ハプスブルクをつくった男 (講談社現代新書)

ハプスブルクをつくった男 (講談社現代新書)

同じ著者による「戦うハプスブルク家」(07/02/28の日記参照)に感心したのでこれを買いました。私にとってこの本の価値は、神聖ローマ帝国皇帝「カール4世」について詳しく書かれた、日本語の一般向けの本でほとんど唯一の本であるということです。そのことが私がこの本を読む際の邪魔にもなっています。つまり、主人公であるハプスブルク家のルドルフよりもルクセンブルク家のカール4世のほうにどうしても関心がいってしまうのです。
ハプスブルクを作った男ルドルフ(建設公)は、本書の表紙に書かれた文言で

時の皇帝を相手に大芝居を打ち、ハプスブルク帝国の基礎をわずか七年で築きあげた「建設公」ルドルフの激烈な生涯

と紹介されているように、1358年19歳でオーストリア公となったルドルフは7年後の1365年25歳で生涯を閉じます。
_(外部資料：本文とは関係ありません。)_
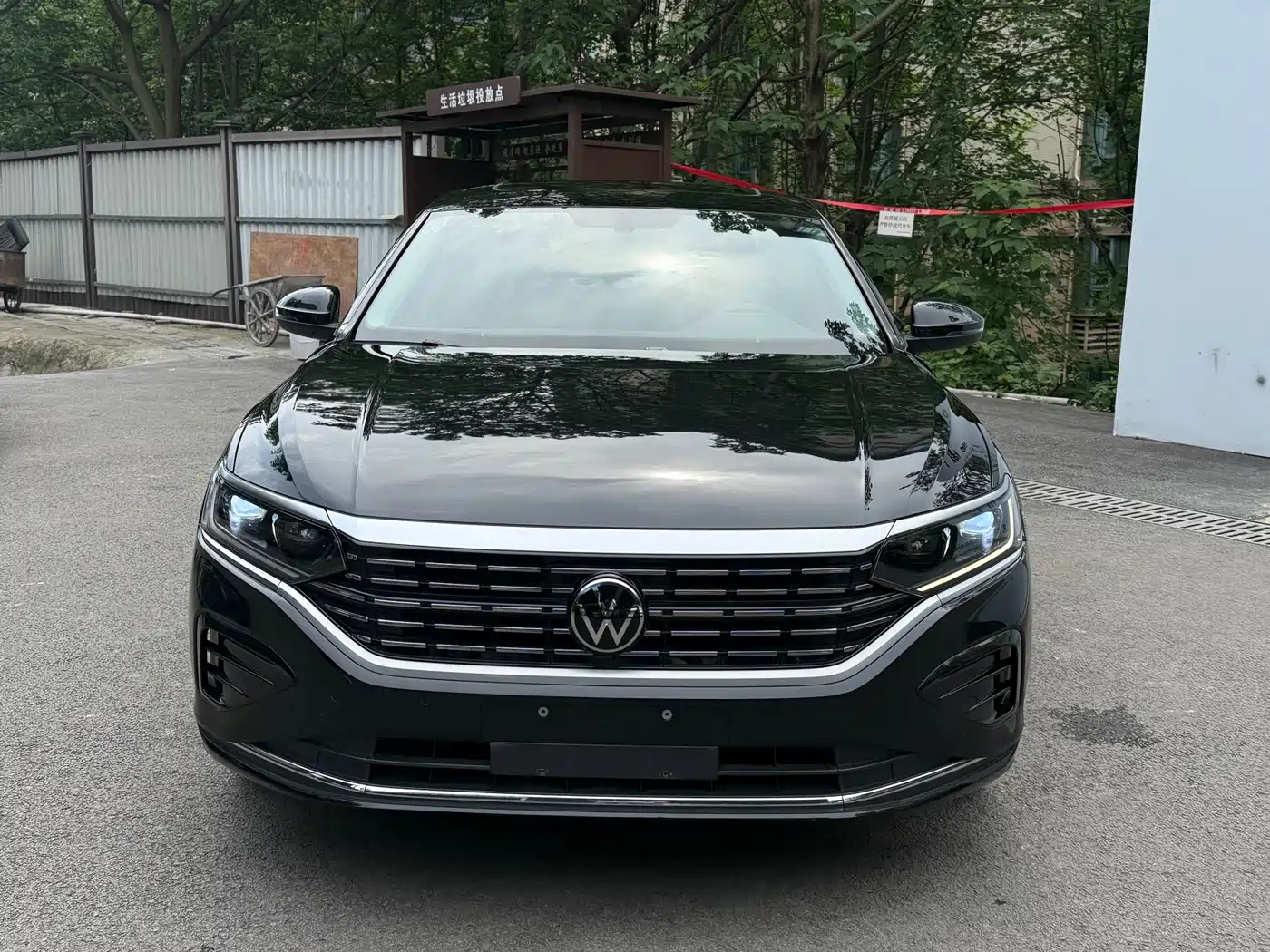 Volkswagen Passat 2023 330TSI Elite Edition фото 2
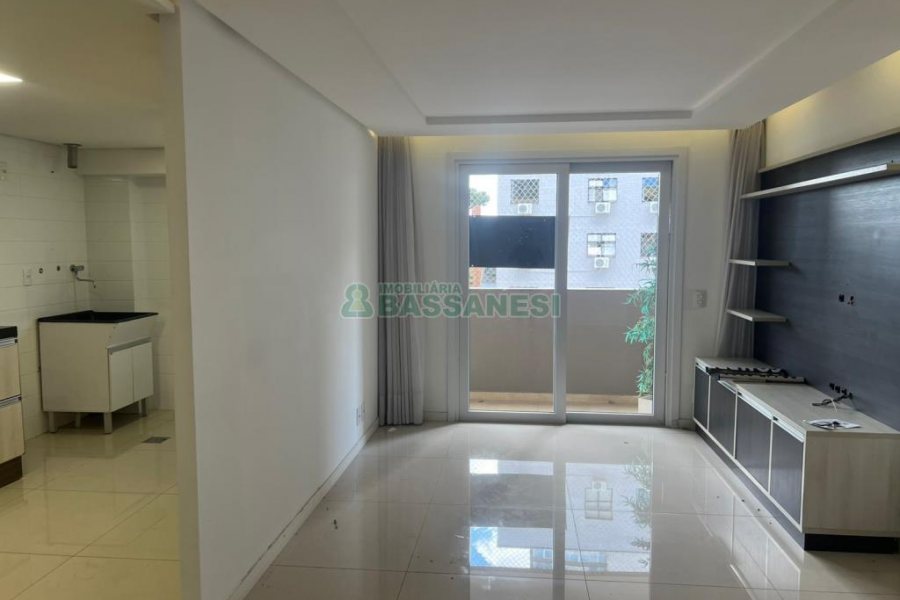 Apto Mobiliado com 122m², 3 dormitórios, 2 vagas, no bairro Panazzolo em Caxias do Sul para Comprar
しかしその間にルドルフは、オーストリア領内に絶対主義的政策を推し進め、ウィーンにシュテファン大聖堂とウィーン大学を建設し、チロル領を横取りし、偽書を作成して自家の特権を捏造し、のちのハプスブルク家が実現したようなボヘミアハンガリーとの同君連合を画策します。何か信長を思わせるものがあります。
この本で初めて知った事実がいっぱいあります。例えばこの時代の少し前まではブランデンブルク辺境伯領はヴィッテルスバッハ家の領土だったこと、それをカール4世が買い取り、後の時代にホーエンツォレルン家に与えられること、などです。ただ私はどうしてもルクセンブルク家のカール4世のほうに目がいってしまうのです。日本での「ハプスブルク家もの」の人気に比べてルクセンブルク家は不当に軽視されているような気がします。